What Does This Mean?
One in five of wildflowers in the UK are now endangered and 97% of meadows have disappeared since the 1930s. Roadside verges are a stretch of hope for Britain’s increasingly depleting wildlife habitats. They form a massive 238,000 hectares of potential meadow land, compared to just 85,000 hectares of surviving species-rich grassland, but their potential is usually cut back each spring when local councils mow the roadsides before they have a chance to flower and seed.

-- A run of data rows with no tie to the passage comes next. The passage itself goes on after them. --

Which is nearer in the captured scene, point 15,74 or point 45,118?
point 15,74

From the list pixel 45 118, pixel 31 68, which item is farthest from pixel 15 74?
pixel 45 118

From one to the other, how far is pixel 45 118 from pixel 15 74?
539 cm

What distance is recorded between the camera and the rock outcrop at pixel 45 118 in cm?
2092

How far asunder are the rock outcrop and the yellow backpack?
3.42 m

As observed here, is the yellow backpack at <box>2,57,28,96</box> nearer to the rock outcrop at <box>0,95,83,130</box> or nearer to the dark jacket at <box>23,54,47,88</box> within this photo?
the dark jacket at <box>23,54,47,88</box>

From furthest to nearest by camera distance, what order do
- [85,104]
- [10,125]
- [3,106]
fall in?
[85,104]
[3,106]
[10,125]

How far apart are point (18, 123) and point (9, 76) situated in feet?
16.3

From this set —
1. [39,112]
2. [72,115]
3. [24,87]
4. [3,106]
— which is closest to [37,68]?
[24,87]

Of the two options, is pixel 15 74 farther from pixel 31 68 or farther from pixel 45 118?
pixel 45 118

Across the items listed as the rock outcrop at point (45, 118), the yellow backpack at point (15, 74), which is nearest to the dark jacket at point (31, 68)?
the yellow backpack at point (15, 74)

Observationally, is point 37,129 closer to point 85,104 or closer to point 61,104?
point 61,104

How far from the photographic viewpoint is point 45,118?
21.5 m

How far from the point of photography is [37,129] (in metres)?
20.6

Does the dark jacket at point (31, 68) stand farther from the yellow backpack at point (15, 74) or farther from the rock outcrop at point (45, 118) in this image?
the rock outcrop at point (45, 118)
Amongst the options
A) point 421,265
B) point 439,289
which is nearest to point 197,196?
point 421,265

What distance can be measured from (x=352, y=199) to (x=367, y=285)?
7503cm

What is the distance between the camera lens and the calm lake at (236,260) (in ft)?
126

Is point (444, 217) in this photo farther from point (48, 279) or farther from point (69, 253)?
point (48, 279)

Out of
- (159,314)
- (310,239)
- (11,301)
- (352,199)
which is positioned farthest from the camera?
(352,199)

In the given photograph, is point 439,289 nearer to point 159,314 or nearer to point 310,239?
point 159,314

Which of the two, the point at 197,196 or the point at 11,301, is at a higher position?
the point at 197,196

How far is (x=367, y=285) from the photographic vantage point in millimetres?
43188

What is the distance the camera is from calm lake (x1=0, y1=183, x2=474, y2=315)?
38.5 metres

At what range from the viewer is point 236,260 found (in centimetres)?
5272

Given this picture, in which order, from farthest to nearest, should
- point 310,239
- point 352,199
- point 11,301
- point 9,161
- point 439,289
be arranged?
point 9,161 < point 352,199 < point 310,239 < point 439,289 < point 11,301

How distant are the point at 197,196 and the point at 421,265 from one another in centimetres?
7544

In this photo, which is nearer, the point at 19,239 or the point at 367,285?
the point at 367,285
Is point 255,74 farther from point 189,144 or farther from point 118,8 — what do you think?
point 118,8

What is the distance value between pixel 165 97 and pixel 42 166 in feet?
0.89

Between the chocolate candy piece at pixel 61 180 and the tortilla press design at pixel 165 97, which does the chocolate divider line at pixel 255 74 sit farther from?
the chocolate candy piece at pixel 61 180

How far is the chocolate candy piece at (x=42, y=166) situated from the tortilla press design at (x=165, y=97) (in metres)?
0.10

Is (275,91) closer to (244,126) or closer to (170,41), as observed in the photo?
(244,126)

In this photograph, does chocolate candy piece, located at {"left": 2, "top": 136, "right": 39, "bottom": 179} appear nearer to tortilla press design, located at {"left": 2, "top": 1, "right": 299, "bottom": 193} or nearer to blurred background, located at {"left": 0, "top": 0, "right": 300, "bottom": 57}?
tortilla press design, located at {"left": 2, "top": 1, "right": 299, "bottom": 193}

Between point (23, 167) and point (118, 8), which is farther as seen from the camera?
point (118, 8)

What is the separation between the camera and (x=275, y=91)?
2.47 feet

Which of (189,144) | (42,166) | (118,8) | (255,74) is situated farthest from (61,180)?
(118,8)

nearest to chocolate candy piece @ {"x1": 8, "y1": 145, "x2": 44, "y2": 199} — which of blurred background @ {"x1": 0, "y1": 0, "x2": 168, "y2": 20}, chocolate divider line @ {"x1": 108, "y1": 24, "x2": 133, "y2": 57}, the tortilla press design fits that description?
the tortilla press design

Later this summer, we will get a glimpse of what could be as verges are left to grow and declining bee populations enjoy a bumper crop of blooms.
Why Should We Care?
Meadows are biodiversity hotspots and support life on many levels. Forming nearly 45% of the UK’s flora, these rich ecosystems are home to insects from butterflies to beetles. They provide food for small animals and birds, and play a crucial role in the survival of bees. On top of that, their strong root systems can help mitigate flooding and rich warm soils store more carbon than regular grass.
Ditching the mower saves councils time, money and emissions. Dublin City Council announced last week they’re now ‘wilding’ grasslands in parks, open spaces, and roadside verges - so what are we waiting for?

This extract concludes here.